I’m new to WordPress blogging and have been surprised (sorry, naive) by the level of spam in commenting. I’ve approved 15 comments or pingbacks to my last post but have three or four times as many spam responses. Fortunately, I’m moderating comments.

But one in particular was amusing — a “translation,” if you can call it that, of some of that post as quoted by KDMC’s Michele McLellan in her recent Leadership 3.0 blog entry responding to posts by me and former Greensboro News & Record editor John Robinson. A couple of bot-aggregation sites ripped down the post.

They did, however, alter the wording. Boy howdy, did they ever. And I quote (emphasis is all theirs):

Thoughtful posts by Melanie Sill and John Robinson could infer highly exegetic for editors who are still heading normal newsrooms by a digital transition.

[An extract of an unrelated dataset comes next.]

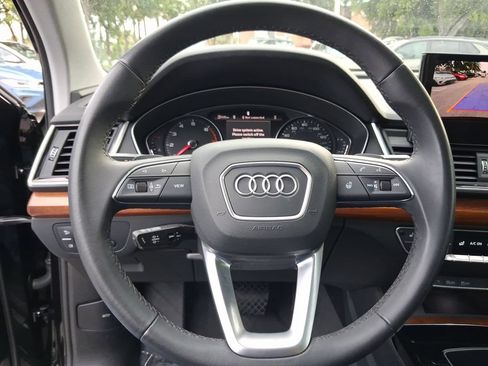 Used 2023 Audi Q5 2.0T Premium w/ Convenience Package AWD/4WD image 18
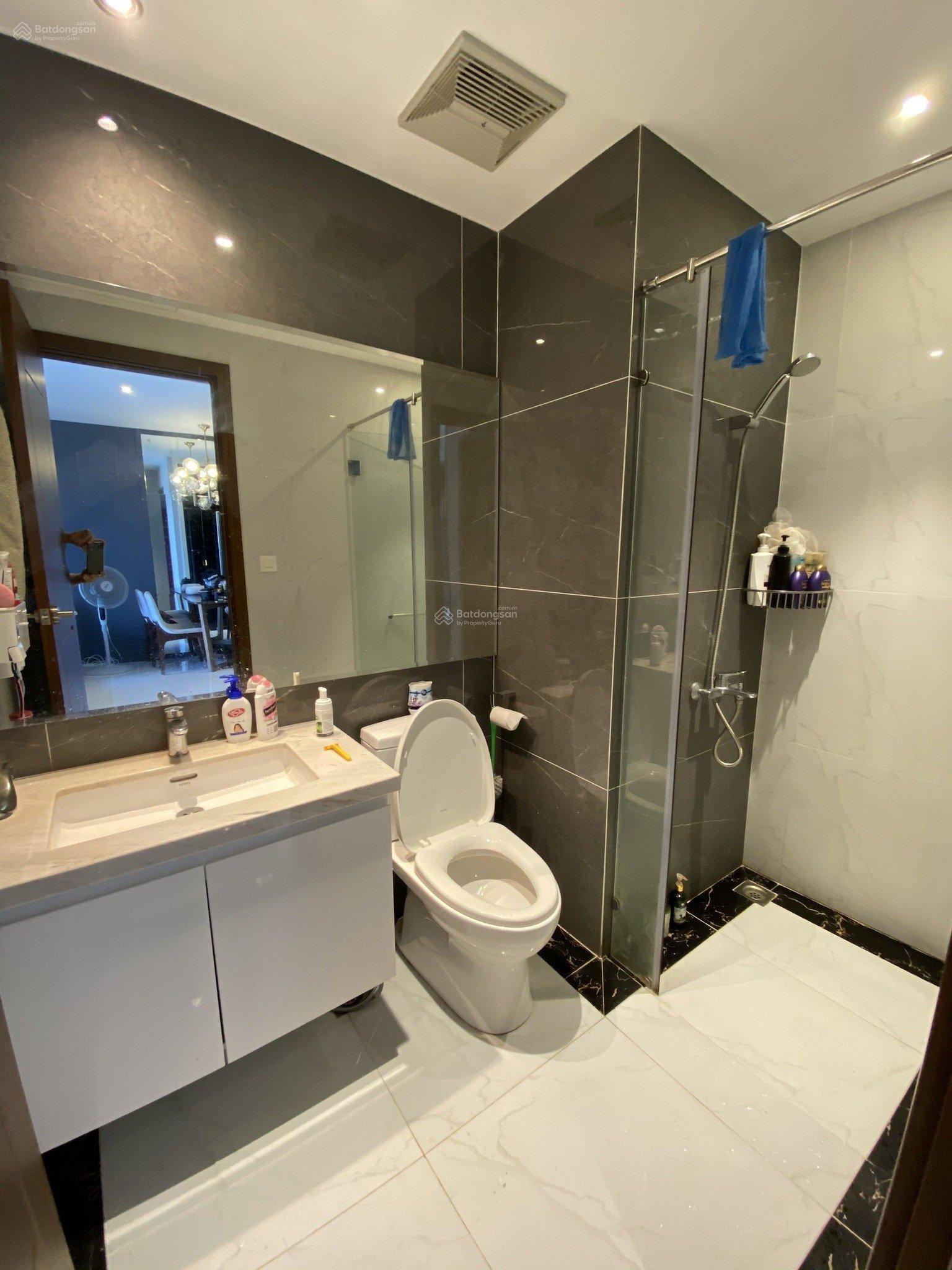 Garden Gate, Vietnam Garden Gate, Vietnam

Sill, former editor of The Sacramento Bee, intent a contention with “Take it from former editors: Newspapers need bolder change.

“The biggest threats to newspapers aren’t only their informed income problems and ever-proliferating competitors, though also a event costs of unwell to innovate some-more boldly—to be transformative, not incremental, in relocating forward,” Sill writes.

She continues:

I’ve oral with 8 or 10 former tip editors in a march of a final few months, some late and others operative in new jobs in media. From any we listened a chronicle of a same regrets: looking back, they wished they’d pushed harder, focused some-more on a universe outward newsrooms and responded some-more resolutely to a opportunities and hurdles of digital shift.

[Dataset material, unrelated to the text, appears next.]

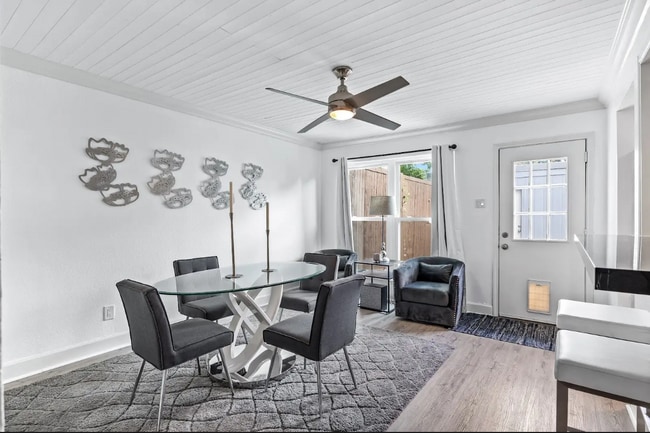 13340 Kit Ln in Dallas, TX - Building Photo - Building Photo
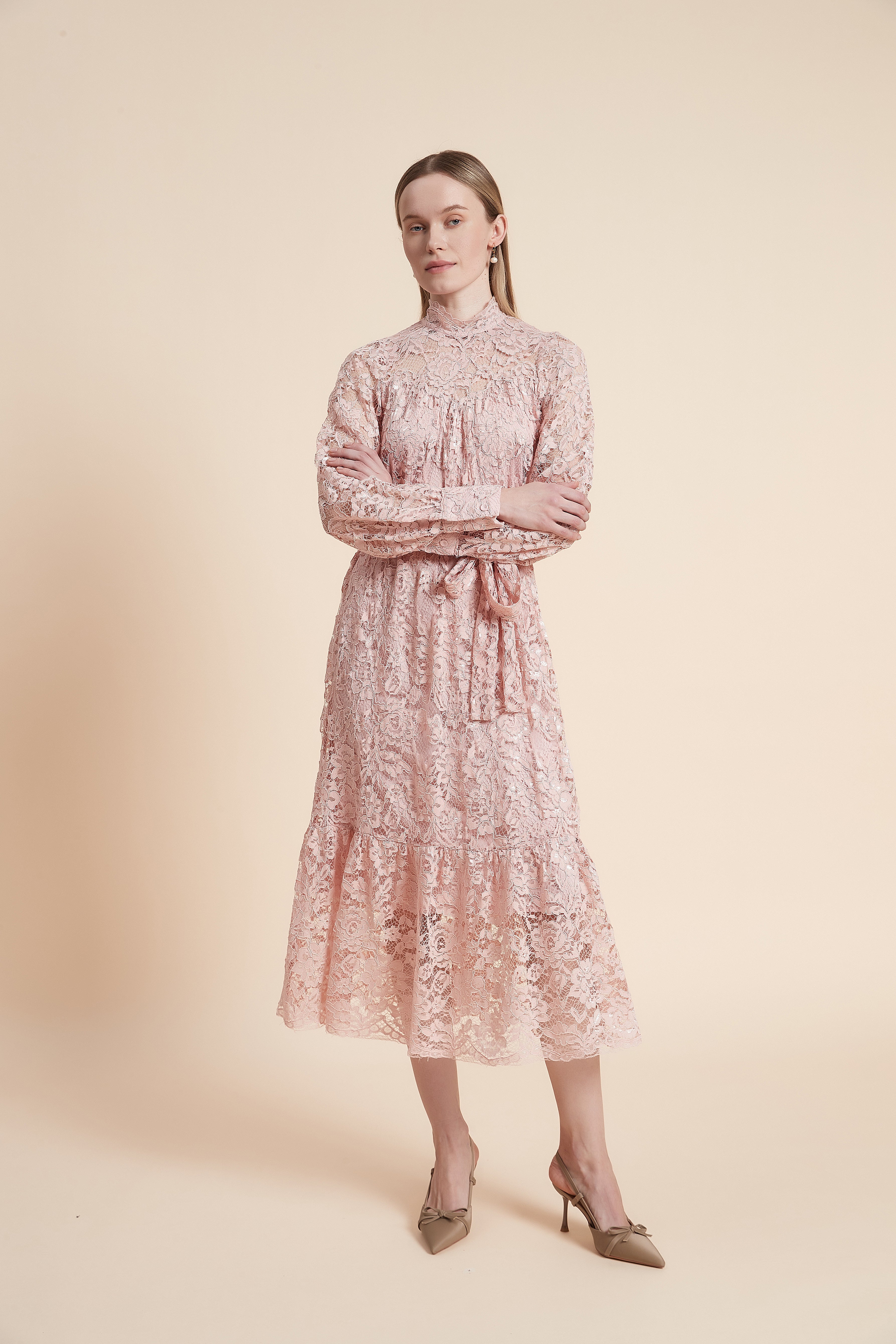 Long sleeve midi dress with lace details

Thing is, there’s still copiousness of time. We’re not during a finish of change, we’re in a midst of it. Even for imitation newspapers, there’s copiousness of upside (and copiousness of audience)—not for a shrunken chronicle of a journal format of 1992 to be profitable in 2012, though for contemporary approaches to imitation to offer readers good as partial of a menu of options in a digital era.

Robinson, former editor of a News Record in Greensboro, N.C., picks adult a thread in “Newspapers: Looking behind to pierce forward

I’ll leave that last to John. One thing I’ll say about journalism these days: there’s so much more to learn and new ways to do it.

And, fortunately, copiousness of time.